*WHAT TO WORK ON*: Would you output the entries below only from the line containing "Top Quality Chanel" through the line containing "Ulaula Palaka Quilt", exactly as they stand and with both ends included?

(Entries taken from a collection)
○ ○ ○

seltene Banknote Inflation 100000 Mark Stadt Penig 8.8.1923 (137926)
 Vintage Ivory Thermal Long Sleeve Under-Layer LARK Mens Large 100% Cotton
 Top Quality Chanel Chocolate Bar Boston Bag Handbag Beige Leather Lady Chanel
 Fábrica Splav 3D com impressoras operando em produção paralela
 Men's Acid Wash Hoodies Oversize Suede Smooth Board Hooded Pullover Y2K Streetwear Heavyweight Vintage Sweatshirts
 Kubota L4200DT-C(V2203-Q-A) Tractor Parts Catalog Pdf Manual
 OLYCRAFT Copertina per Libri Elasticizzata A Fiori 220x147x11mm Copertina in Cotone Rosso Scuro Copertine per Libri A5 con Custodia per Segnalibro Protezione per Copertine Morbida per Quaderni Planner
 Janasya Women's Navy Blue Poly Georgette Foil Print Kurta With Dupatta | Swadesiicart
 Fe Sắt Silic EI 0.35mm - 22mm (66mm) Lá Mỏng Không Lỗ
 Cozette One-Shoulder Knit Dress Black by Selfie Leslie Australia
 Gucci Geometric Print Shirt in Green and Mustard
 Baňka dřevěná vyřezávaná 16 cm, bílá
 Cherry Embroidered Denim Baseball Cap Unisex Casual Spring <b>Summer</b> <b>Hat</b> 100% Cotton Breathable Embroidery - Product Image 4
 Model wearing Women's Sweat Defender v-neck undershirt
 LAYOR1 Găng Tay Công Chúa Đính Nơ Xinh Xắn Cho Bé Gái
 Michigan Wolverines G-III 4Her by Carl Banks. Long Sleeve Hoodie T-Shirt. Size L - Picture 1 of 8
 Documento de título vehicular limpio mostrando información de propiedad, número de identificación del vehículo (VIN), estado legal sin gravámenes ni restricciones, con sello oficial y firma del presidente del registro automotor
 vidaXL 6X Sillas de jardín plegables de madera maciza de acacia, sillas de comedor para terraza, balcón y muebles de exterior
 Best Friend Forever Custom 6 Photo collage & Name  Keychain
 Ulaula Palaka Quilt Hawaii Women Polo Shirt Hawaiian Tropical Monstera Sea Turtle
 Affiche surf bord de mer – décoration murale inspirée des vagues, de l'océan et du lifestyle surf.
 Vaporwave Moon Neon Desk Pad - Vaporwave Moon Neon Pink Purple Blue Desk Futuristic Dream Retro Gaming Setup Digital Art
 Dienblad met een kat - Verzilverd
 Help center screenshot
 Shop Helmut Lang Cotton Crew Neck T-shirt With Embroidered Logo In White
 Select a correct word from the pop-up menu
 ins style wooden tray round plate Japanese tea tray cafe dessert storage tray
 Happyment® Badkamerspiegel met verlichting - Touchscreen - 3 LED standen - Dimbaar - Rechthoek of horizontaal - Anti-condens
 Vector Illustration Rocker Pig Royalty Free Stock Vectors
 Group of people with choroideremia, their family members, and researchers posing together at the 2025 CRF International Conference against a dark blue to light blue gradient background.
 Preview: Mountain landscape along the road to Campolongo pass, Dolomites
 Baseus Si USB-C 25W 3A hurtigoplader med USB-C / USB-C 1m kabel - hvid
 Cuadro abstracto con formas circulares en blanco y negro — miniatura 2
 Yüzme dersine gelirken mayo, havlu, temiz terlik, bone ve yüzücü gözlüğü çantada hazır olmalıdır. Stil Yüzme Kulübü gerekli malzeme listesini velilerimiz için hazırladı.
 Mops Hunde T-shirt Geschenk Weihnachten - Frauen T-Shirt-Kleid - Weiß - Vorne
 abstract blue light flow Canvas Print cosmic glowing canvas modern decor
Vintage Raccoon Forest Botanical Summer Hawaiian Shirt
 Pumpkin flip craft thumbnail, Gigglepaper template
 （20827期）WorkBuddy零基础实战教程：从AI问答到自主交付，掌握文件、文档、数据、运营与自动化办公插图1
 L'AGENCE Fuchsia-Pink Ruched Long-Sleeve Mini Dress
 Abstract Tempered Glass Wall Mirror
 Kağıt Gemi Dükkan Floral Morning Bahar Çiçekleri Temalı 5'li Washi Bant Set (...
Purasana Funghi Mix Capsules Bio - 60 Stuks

○ ○ ○

*EXERCISE ANSWER*:
 Top Quality Chanel Chocolate Bar Boston Bag Handbag Beige Leather Lady Chanel
 Fábrica Splav 3D com impressoras operando em produção paralela
 Men's Acid Wash Hoodies Oversize Suede Smooth Board Hooded Pullover Y2K Streetwear Heavyweight Vintage Sweatshirts
 Kubota L4200DT-C(V2203-Q-A) Tractor Parts Catalog Pdf Manual
 OLYCRAFT Copertina per Libri Elasticizzata A Fiori 220x147x11mm Copertina in Cotone Rosso Scuro Copertine per Libri A5 con Custodia per Segnalibro Protezione per Copertine Morbida per Quaderni Planner
 Janasya Women's Navy Blue Poly Georgette Foil Print Kurta With Dupatta | Swadesiicart
 Fe Sắt Silic EI 0.35mm - 22mm (66mm) Lá Mỏng Không Lỗ
 Cozette One-Shoulder Knit Dress Black by Selfie Leslie Australia
 Gucci Geometric Print Shirt in Green and Mustard
 Baňka dřevěná vyřezávaná 16 cm, bílá
 Cherry Embroidered Denim Baseball Cap Unisex Casual Spring <b>Summer</b> <b>Hat</b> 100% Cotton Breathable Embroidery - Product Image 4
 Model wearing Women's Sweat Defender v-neck undershirt
 LAYOR1 Găng Tay Công Chúa Đính Nơ Xinh Xắn Cho Bé Gái
 Michigan Wolverines G-III 4Her by Carl Banks. Long Sleeve Hoodie T-Shirt. Size L - Picture 1 of 8
 Documento de título vehicular limpio mostrando información de propiedad, número de identificación del vehículo (VIN), estado legal sin gravámenes ni restricciones, con sello oficial y firma del presidente del registro automotor
 vidaXL 6X Sillas de jardín plegables de madera maciza de acacia, sillas de comedor para terraza, balcón y muebles de exterior
 Best Friend Forever Custom 6 Photo collage & Name  Keychain
 Ulaula Palaka Quilt Hawaii Women Polo Shirt Hawaiian Tropical Monstera Sea Turtle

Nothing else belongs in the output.